Having raised six children and now nine grandchildren, Pooley, along with his wife of almost 40 years, Julia, has had plenty of experience changing diapers, getting kids off to school and offering advice on dating. But the work he does now focuses much less on the nitty-gritty details of parenting and more on strengthening the spirits of dads who, he said, are too often blamed as the root cause of all their families' problems.
''Most family service offerings on reservations are focused on women and children, and have left the father out of the whole equation of the family,'' said Pooley, who's of Navajo and Hopi descent. ''Which is sort of backwards, since I believe fathers are a very important solution to the problems families face.''
In this interview with Indian Country Today, Pooley explained the growth of his nationally-recognized ''Fatherhood is Sacred'' program.

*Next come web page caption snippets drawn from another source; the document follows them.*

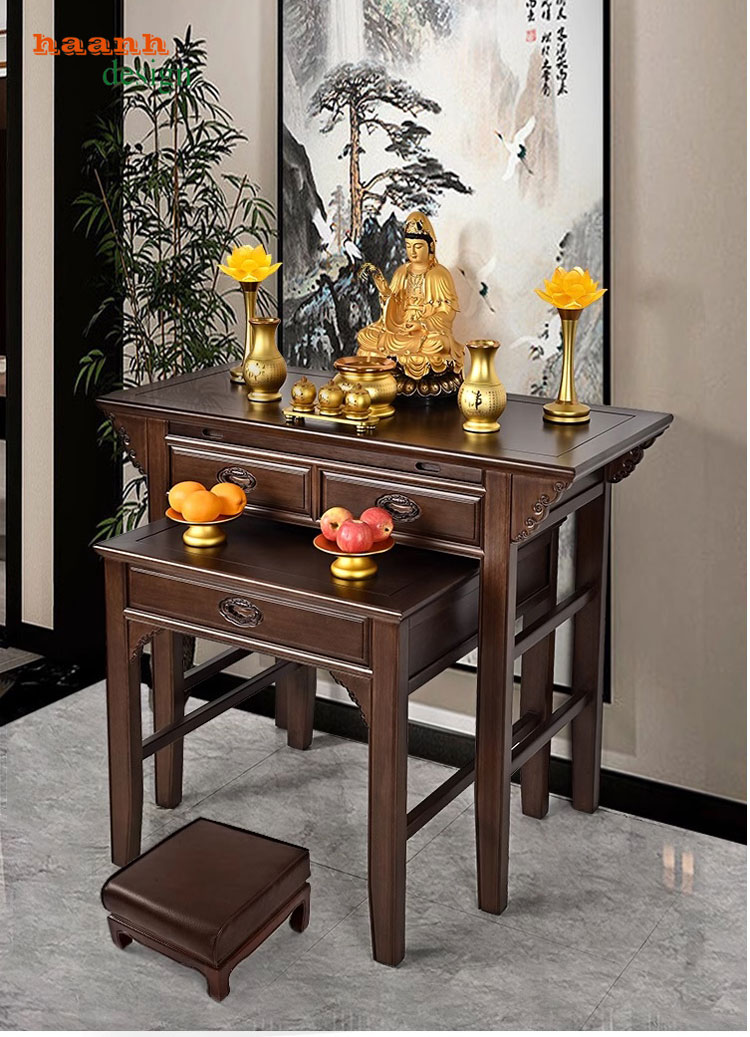 Bàn Thờ Gỗ Gia Tiên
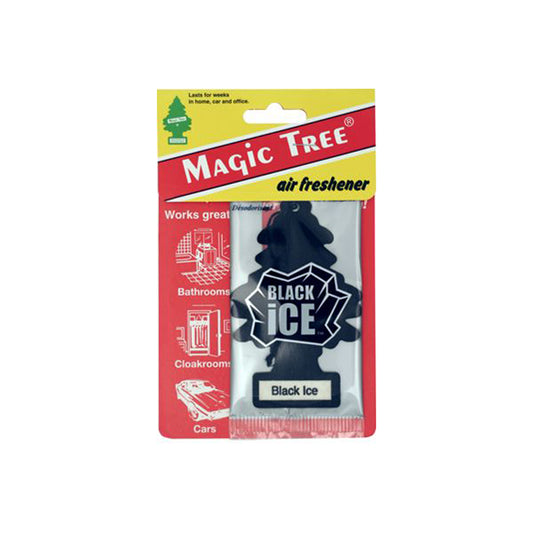 Magic Tree Air Freshener - Black Ice, Cologne Fragrance, Ideal for Dark Interiors Box of 24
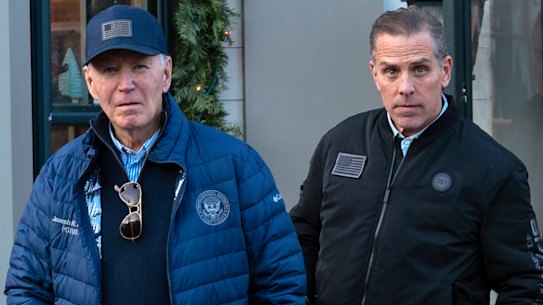 President Joe Biden accompanied by his son Hunter Biden in Nantucket over the Thanksgiving holiday.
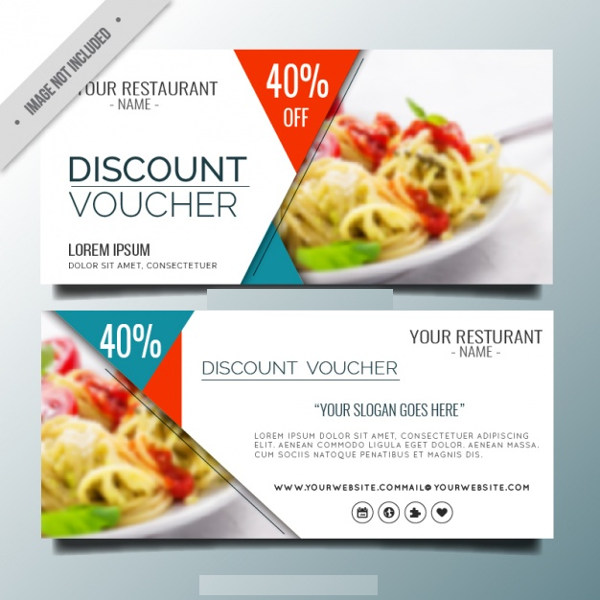 restaurant discount voucher template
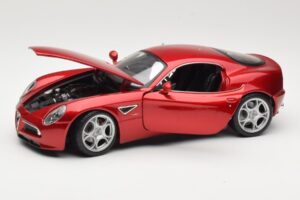 Alfa Romeo 8C Competizione Rød Bburago 1:18 18-11021 Metal — billede 2 af 8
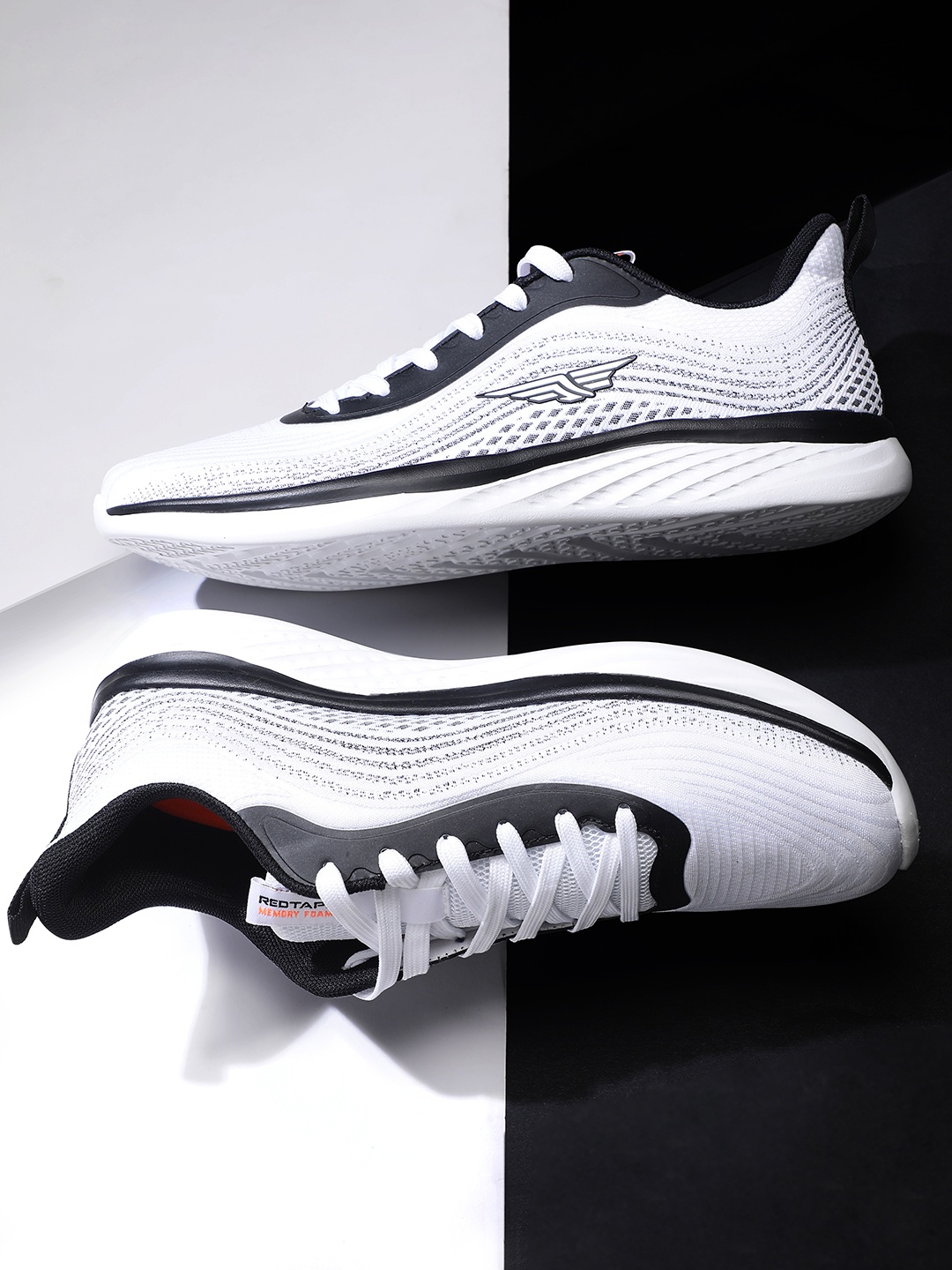 

Red Tape Men White Mesh Walking Shoes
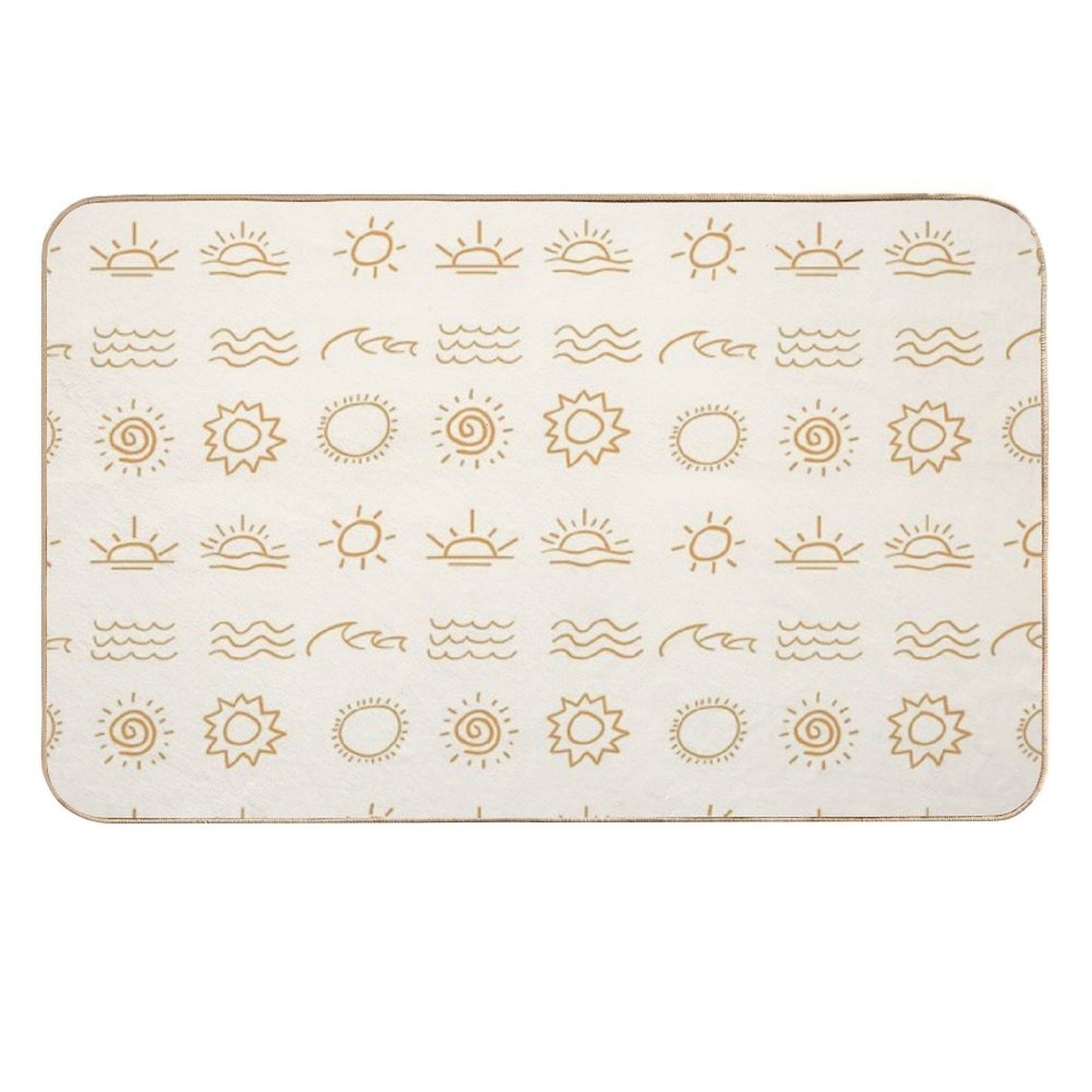 Different Suns Aesthetic  Stain-Proof Bath Mat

Indian Country Today: How did you come up with the idea for the Native American Fatherhood & Families Association?
Albert Pooley: Around 2001, I was asked to help to start a program for fathers on the Salt River Indian Reservation of Scottsdale, Ariz. I did that on a contract with the tribe, and basically what happened, they gave me some material on fatherhood. And I started teaching that for several months, and it was going OK.

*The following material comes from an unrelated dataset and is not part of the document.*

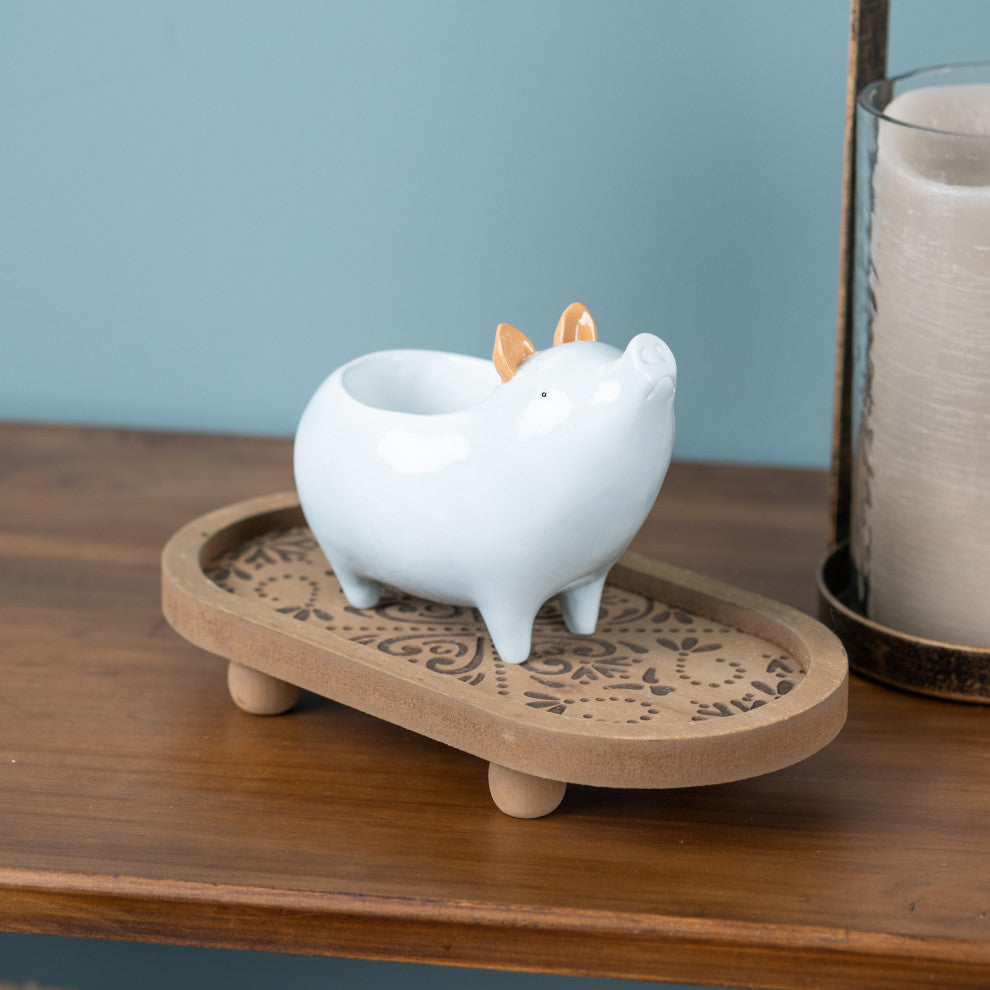 Chic Pig Planter, Set of 4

After several months of this, I asked one of the fathers who was attending regularly what he felt about it, and he said, ''Well, it's OK, but it's like any other social service program.'' That kind of hit me pretty hard because I didn't want it to be like any other social service program. I wanted a program that really captured the men's attention and really helped them understand their importance of their roles as fathers. So, I started to develop my own curriculum.
ICT: And that's how the ''Fatherhood is Sacred'' program began?
Pooley: Yes, I started with it at that tribe and then started working with more and more tribes - we've now worked with about 20. The actual association was founded around the beginning of 2003. Our goal is to get fathers involved in the lives of their families in responsible ways.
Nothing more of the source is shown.